**What the task requires:** Please set down each of the lines below once more, exactly, omitting all pictures.

[Opening Raw data section]

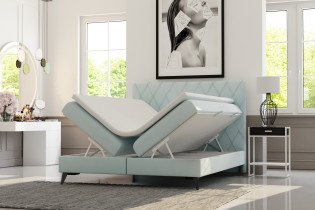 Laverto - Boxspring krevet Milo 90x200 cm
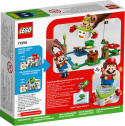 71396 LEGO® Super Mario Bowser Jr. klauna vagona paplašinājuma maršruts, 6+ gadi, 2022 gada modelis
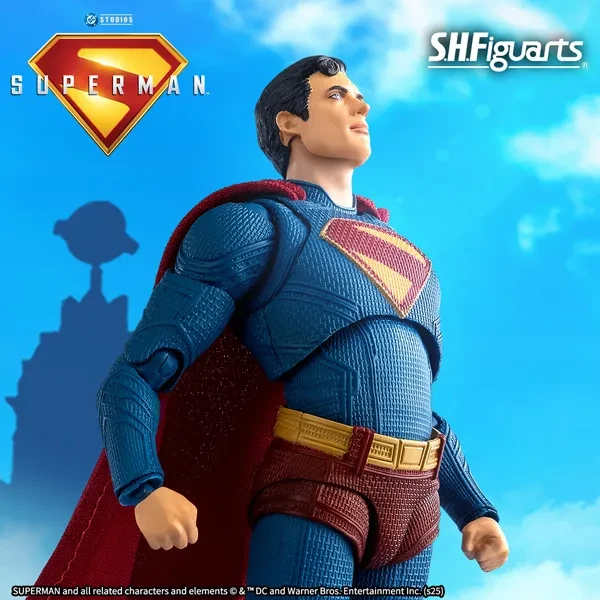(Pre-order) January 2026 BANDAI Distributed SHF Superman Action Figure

[Closing Raw data section]

**Problem solution:**
 Laverto - Boxspring krevet Milo 90x200 cm
 71396 LEGO® Super Mario Bowser Jr. klauna vagona paplašinājuma maršruts, 6+ gadi, 2022 gada modelis
(Pre-order) January 2026 BANDAI Distributed SHF Superman Action Figure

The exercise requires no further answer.